À ma connaissance, Edward Herman et Noam Chomsky ont mené à ce sujet les travaux les plus concluants et les plus importants. Selon eux, les médias sont en quelque sorte surdéterminés par un certain nombre d'éléments structurels et institutionnels qui conditionnent — certes non pas entièrement, mais du moins très largement — le type de représentation du réel qui y est proposé ainsi que les valeurs, les normes et les perceptions qui y sont promues. Plus concrètement, ces chercheurs ont proposé un modèle selon lequel les médias remplissent, dans une très grande mesure,
une fonction propagandiste au sein de nos sociétés. Selon cette analyse, les médias “servent à mobiliser des appuis en faveur des intérêts particuliers qui dominent les activités de l'État et celles du secteur privé; leurs choix, insistances et omissions peuvent être au mieux compris — et parfois même compris de manière exemplaire et avec une clarté saisissante — lorsqu'ils sont analysés en ces termes”.

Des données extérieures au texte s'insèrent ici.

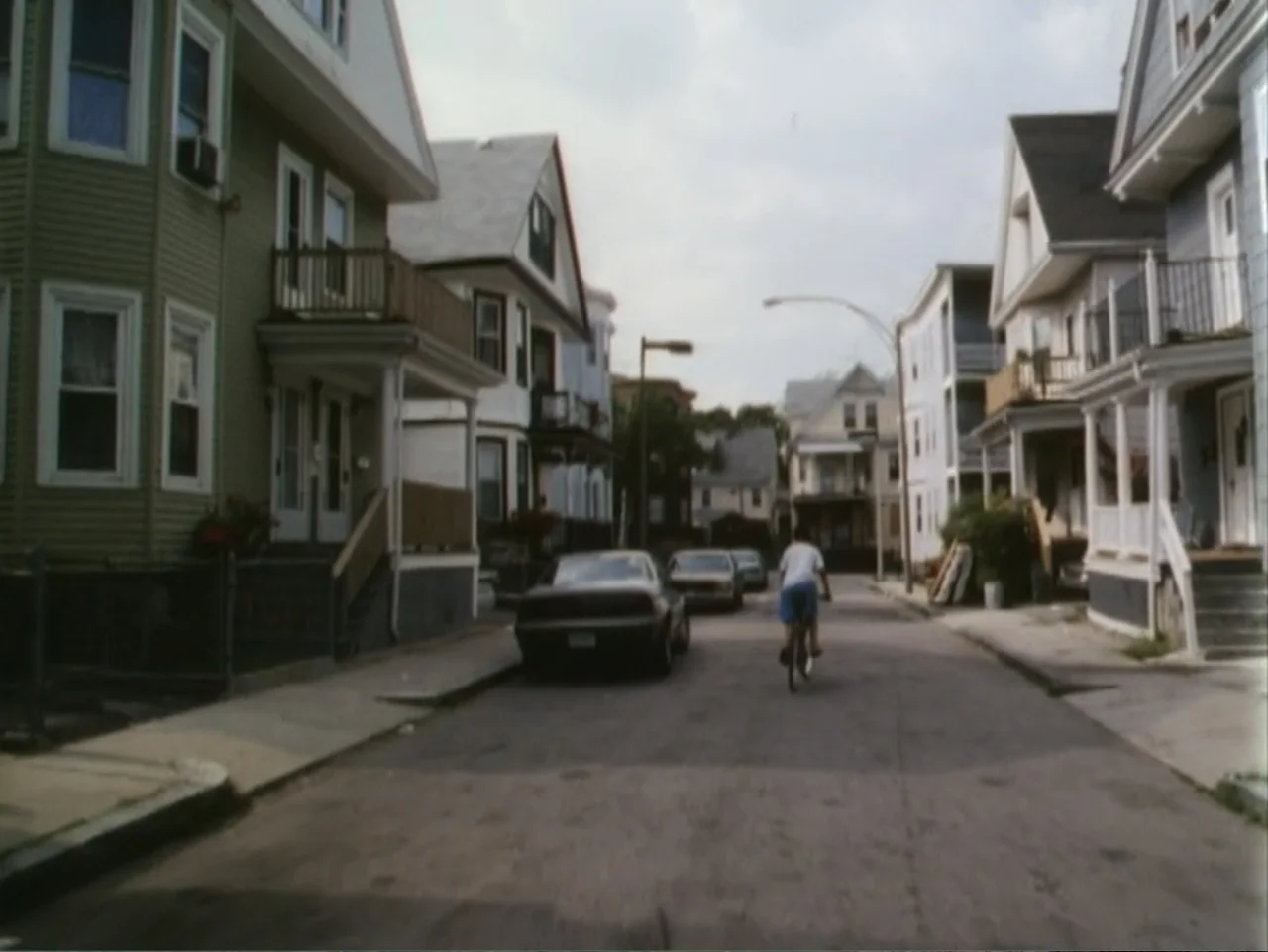 5 American Handguns - 5 American Kids (1995) movie still: wide — A residential street lined with multi-story wood-frame houses and parked cars. A…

Ce modèle propagandiste pose un certain nombre de filtres comme autant d'éléments surdéterminant la production médiatique qui suggère une “dichotomisation systématique et hautement politique de la couverture médiatique, qui est fonction des intérêts des principaux pouvoirs nationaux. Ceci devrait se vérifier en observant le choix des sujets qui sont traités ainsi que l'ampleur et la qualité de leur couverture”. Partant de là, ce modèle autorise des prédictions, et il s'agit dès lors de déterminer si les observations s'y conforment ou non.